Estos límites temporales enmarcan un período de gran expansión urbana y crecimiento económico en la capital paisa, durante el cual Medellín se consolidó como el mayor centro industrial y económico del país. Allí se concentraron el negocio de la radio privada (en los años cuarenta) y luego el de la industria musical (a partir de los años cincuenta). El bolero entró en el escenario local simultáneamente con la radio privada, que se encargó de la difusión del género como un producto cultural procedente de México y destinado al consumo de las clases medias que por entonces comenzaban a emerger con fuerza en los centros urbanos latinoamericanos.
Veremos cómo las prácticas de consumo del bolero sirvieron para marcar claramente diferencias de clase, raza y sexo, presentes en la sociedad paisa, pero esporádicamente también para subvertir y cuestionar esos mismos límites. Sin embargo, antes de comenzar a analizar los hábitos de consumo del bolero en Medellín, vale la pena retroceder un poco en la historia del género, para ver cómo pasó de ser un tipo de canción romántica del oriente cubano, a finales del siglo xix, a convertirse en símbolo del cosmopolitanismo latinoamericano, a mediados del siglo xx.
El bolero o el sonido del cosmopolitanismo latinoamericano
El término bolero se ha usado para referirse a distintos tipos de música a través de la historia. Entre otros, el nombre fue dado en el siglo xix a una danza del ballet clásico español que se deriva de las seguidillas, y que sirvió de modelo para el famoso “Bolero”, de Maurice Ravel. El bolero latinoamericano, sin embargo, tiene otros orígenes y no comparte ninguna característica musical con su homónimo peninsular —la danza española está escrita en métrica ternaria, mientras que la canción latinoamericana funciona en compases binarios y se caracteriza por el uso de un patrón rítmico conocido como cinquillo—.
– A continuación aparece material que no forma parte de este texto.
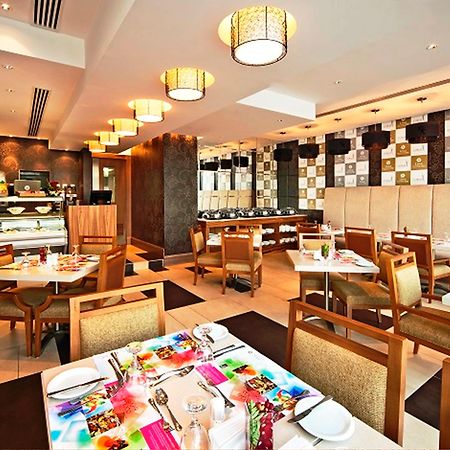 Oaks Liwa Executive Suites Abu Dhabi Ristorante foto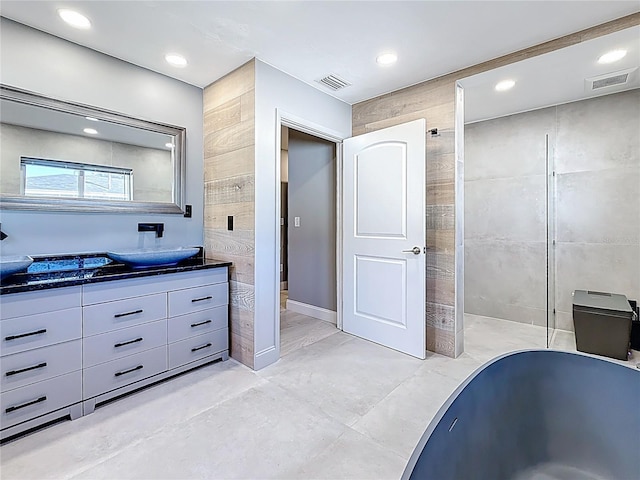 bathroom with recessed lighting, visible vents, and tile walls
Según se ha podido establecer, el género que conocemos como bolero se desarrolló en Santiago de Cuba, a finales del siglo xix, y de allí se extendió a través de la isla gracias al continuo desplazamiento de trovadores populares.1 Los viajes de estos músicos tradicionales y la rápida introducción de la grabación en la isla fueron claves para la popularización del bolero en toda la cuenca del Caribe durante las primeras décadas del siglo xx. Para mediados de los años veinte, los compositores populares mexicanos Guty Cárdenas y Agustín Lara crearon un estilo propio de bolero, en el cual se atenúa la sección de la percusión, al tiempo que se enfatiza el uso de cuerdas y se usa un estilo vocal más parecido al de la tradición lírica tomada de la ópera, típica de la canción mexicana de principios de siglo (Torres, 2002). Mientras tanto, en Cuba, el Trío Matamoros fusionaba el bolero con el son —como el famoso “Lágrimas negras”— y, en Nueva York, el puertorriqueño Rafael Hernández y la mexicana María Grever experimentaban con armonías influenciadas por el jazz y con instrumentaciones cercanas a la de la big band.
En 1930, el bolero se convirtió en uno de los productos más importantes de la industria cultural mexicana, gracias al establecimiento en ese país de una de las emisoras privadas más influyentes del continente, la poderosa xew, La voz de América Latina, propiedad de Emilio Azcárraga. La emisora se lanzó en 1930, respaldada por una gran inversión y un reparto musical de lujo para su programación diaria, en la que se presentaban los músicos y cantantes más importantes de la cuenca del Caribe, entre ellos figuras consagradas de la canción romántica como el cantante Alfonso Ortiz Tirado, y compositores talentosos que estaban comenzando su carrera, como el famoso Agustín Lara.
Años más tarde, el cine mexicano proporcionó imágenes que nutrieron el paisaje sonoro del bolero con personajes glamorosos que se movían cómodamente en las atmósferas cosmopolitas de nightclubs, en los que se presentaban solistas y tríos acompañados por grandes orquestas —como en Aventurera (1949), protagonizada por la actriz y cantante cubana Ninón Sevilla—. Para mediados de la década de los cuarenta surgieron nuevamente los tríos, como el famoso Los Panchos que, junto a los solistas como el mexicano Pedro Vargas y el cubano René Cabel, se convirtieron en auténticas estrellas escuchadas a lo largo del continente durante toda la década de los cincuenta.
En su estudio acerca del nacionalismo en Zimbabue, el etnomusicólogo estadounidense Thomas Turino define el cosmopolitanismo como “objetos, ideas y posiciones culturales que han sido ampliamente difundidas alrededor del mundo y que sin embargo son específicas solamente para ciertas porciones de la población dentro de unos países determinados” (2000, p. 7). En el caso de la recepción y el consumo del bolero en Medellín, entre 1930 y 1950, intento demostrar que las nociones de modernidad, elegancia y sensualidad, a través de las cuales se comenzó a comercializar el género en la ciudad, estuvieron originalmente dirigidas, casi de manera exclusiva, a la minoría dominante: la clase media alta de ascendencia europea.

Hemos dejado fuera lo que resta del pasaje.